* WORK TASK *
Copy exactly, and only, the lines that start at the line containing "Milo Action Communicator - White" and end at the last line of the material below.

<<<<

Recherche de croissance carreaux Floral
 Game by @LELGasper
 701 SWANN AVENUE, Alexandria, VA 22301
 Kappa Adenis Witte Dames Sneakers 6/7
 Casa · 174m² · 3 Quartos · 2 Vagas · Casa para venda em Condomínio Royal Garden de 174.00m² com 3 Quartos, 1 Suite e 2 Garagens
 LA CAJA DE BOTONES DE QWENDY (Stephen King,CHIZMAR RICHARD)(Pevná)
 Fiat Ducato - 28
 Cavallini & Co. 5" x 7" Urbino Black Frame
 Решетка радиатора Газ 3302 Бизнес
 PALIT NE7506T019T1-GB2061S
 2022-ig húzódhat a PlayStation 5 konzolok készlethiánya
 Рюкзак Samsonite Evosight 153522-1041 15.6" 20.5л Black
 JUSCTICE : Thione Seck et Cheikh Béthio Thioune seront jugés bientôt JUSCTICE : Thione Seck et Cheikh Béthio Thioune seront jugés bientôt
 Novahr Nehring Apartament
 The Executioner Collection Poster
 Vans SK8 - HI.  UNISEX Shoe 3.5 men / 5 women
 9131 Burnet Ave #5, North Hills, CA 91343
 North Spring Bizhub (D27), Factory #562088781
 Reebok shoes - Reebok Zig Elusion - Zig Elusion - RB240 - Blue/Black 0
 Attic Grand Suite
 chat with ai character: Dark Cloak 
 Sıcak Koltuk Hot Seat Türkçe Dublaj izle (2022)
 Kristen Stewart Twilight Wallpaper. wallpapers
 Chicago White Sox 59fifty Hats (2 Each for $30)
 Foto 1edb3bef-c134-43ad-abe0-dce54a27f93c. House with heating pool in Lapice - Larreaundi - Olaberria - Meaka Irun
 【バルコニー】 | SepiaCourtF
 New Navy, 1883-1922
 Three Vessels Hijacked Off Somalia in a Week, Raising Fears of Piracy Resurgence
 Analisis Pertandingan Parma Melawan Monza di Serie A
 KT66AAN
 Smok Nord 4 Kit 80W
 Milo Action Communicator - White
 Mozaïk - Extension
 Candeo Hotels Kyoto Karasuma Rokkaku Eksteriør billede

>>>>

* ANSWER FOR THE TASK *
 Milo Action Communicator - White
 Mozaïk - Extension
 Candeo Hotels Kyoto Karasuma Rokkaku Eksteriør billede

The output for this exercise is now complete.